**WHAT YOU ARE ASKED TO DO:**
From first line to last, give the records again word for word and omit the pictures.

**EXTRACTED ENTRIES:**
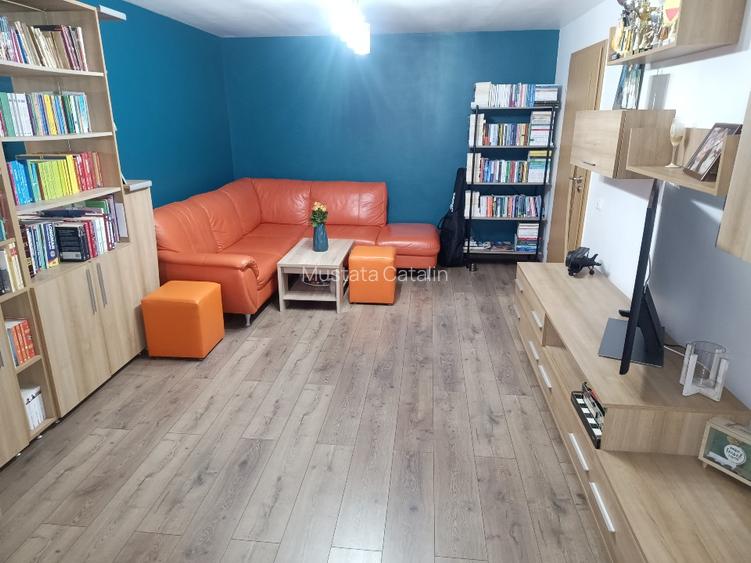 PROPRIETAR, vând apartament cu 4 camere, decomandat, et1, 2 bai, zona Lipovei  - 10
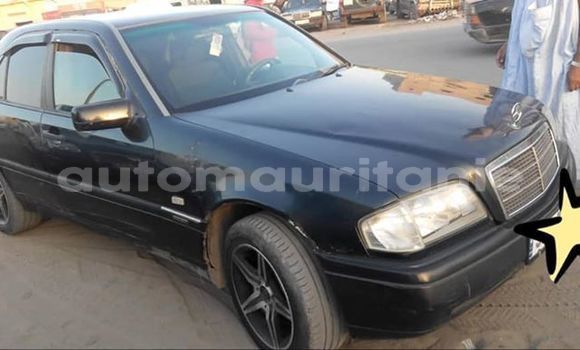 Acheter Occasion Voiture Mercedes-Benz C-klasse Noir à Nouakchott, Nouakchott Ouest Acheter Occasion Voiture Mercedes-Benz C-klasse Noir à Nouakchott, Nouakchott Ouest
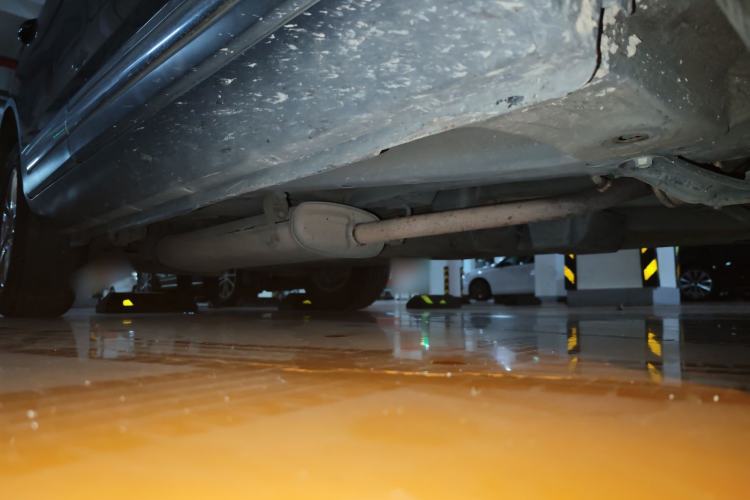 Used Yema T70 2016 1.8T CVT Elegant Model Chassis Front Right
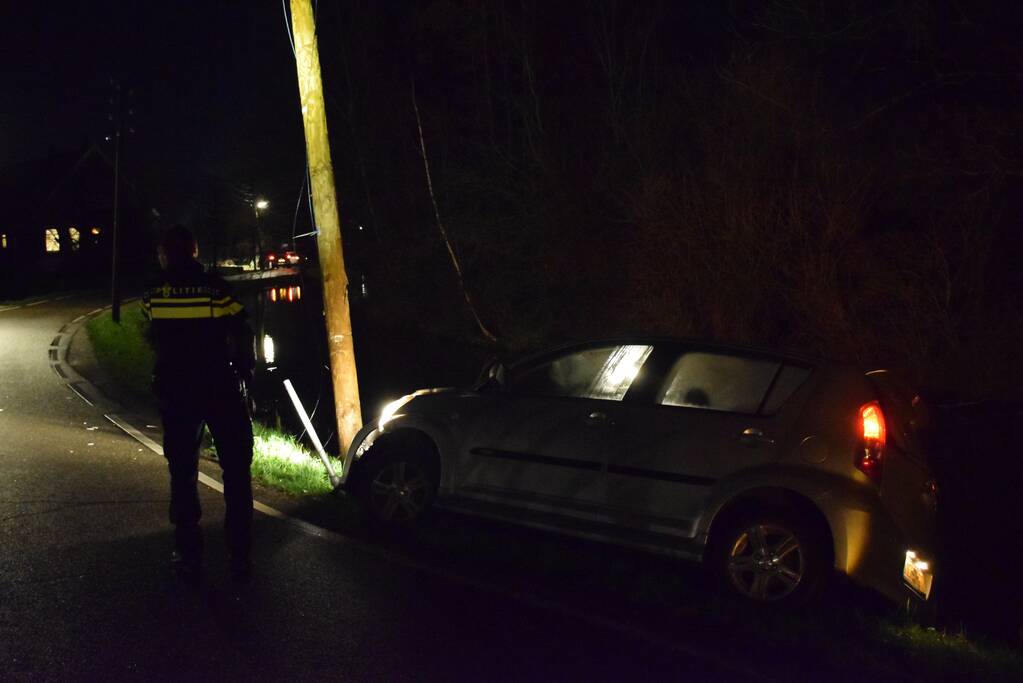 Automobilist vliegt uit de bocht op elektriciteitspaal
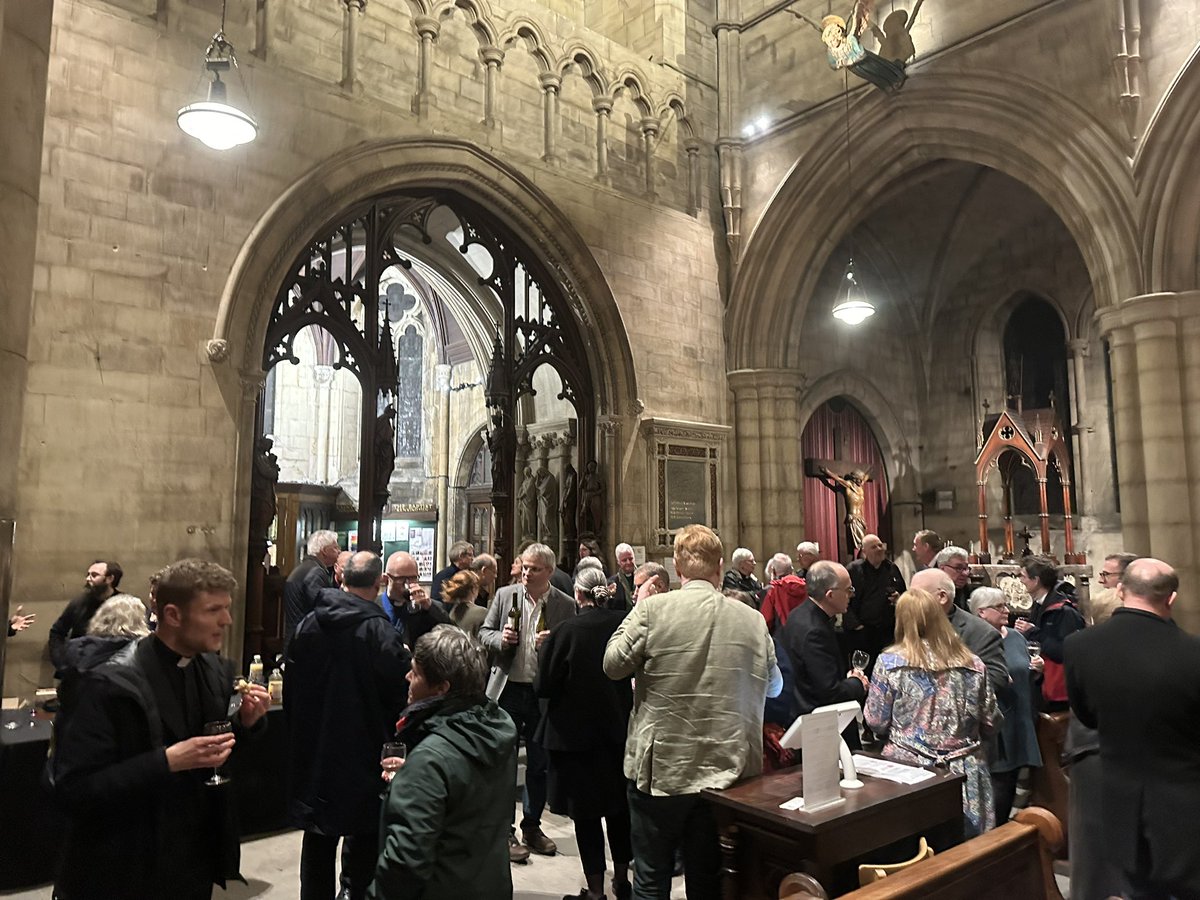 Lovely to support @RevJamesBHeard host @SionCollege fellows and members @StJohnsW14 with a stimulating talk “And is it true, and is it true?” Cathedrals and Growth by Joe Hawes, @deanstedscath, and fun to be a waiter at a very jolly reception afterwards.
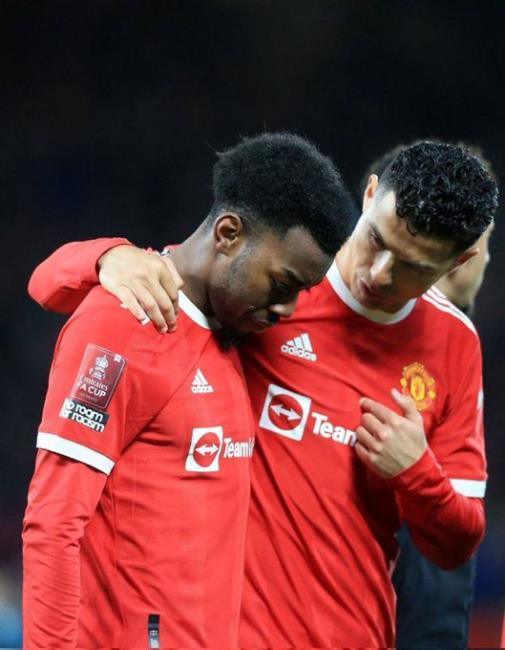 Cristiano Ronaldo consolando a Elanga tras errar el penalti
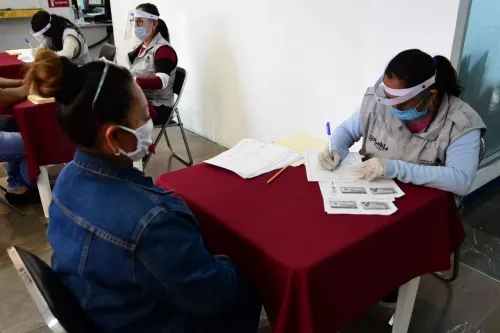 SEGOM entrega en tiempo récord apoyos a comerciantes y artesanos de mercados temporales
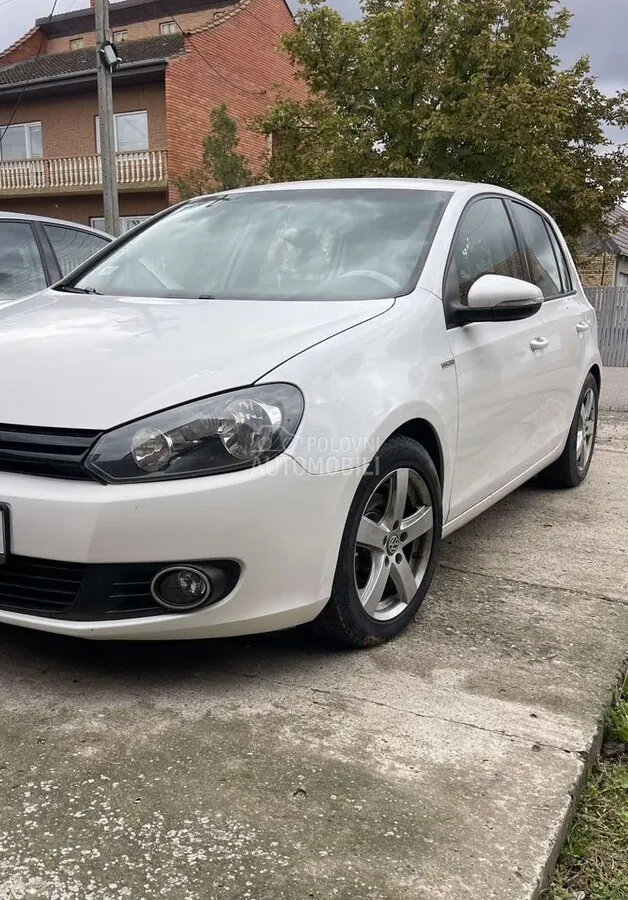 Volkswagen Golf 2011 photo 3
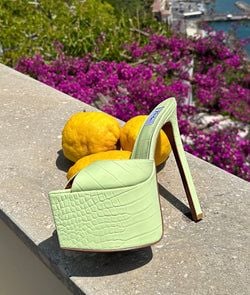 Colour – Pistachio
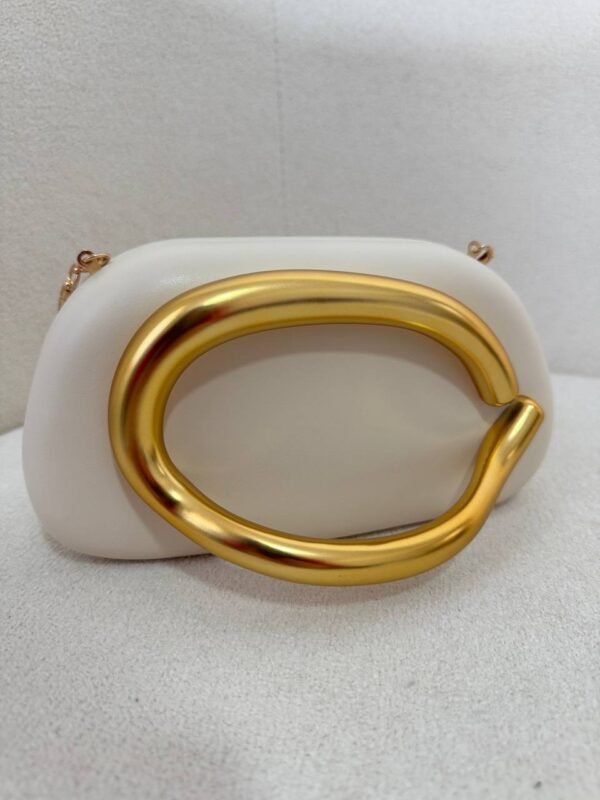 Bolsa Clutch Luxo Com Dourado Off/Branca - Imagem 9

**PROBLEM SOLUTION:**
 PROPRIETAR, vând apartament cu 4 camere, decomandat, et1, 2 bai, zona Lipovei  - 10
 Acheter Occasion Voiture Mercedes-Benz C-klasse Noir à Nouakchott, Nouakchott Ouest Acheter Occasion Voiture Mercedes-Benz C-klasse Noir à Nouakchott, Nouakchott Ouest
 Used Yema T70 2016 1.8T CVT Elegant Model Chassis Front Right
 Automobilist vliegt uit de bocht op elektriciteitspaal
 Lovely to support @RevJamesBHeard host @SionCollege fellows and members @StJohnsW14 with a stimulating talk “And is it true, and is it true?” Cathedrals and Growth by Joe Hawes, @deanstedscath, and fun to be a waiter at a very jolly reception afterwards.
 Cristiano Ronaldo consolando a Elanga tras errar el penalti
 SEGOM entrega en tiempo récord apoyos a comerciantes y artesanos de mercados temporales
 Volkswagen Golf 2011 photo 3
 Colour – Pistachio
 Bolsa Clutch Luxo Com Dourado Off/Branca - Imagem 9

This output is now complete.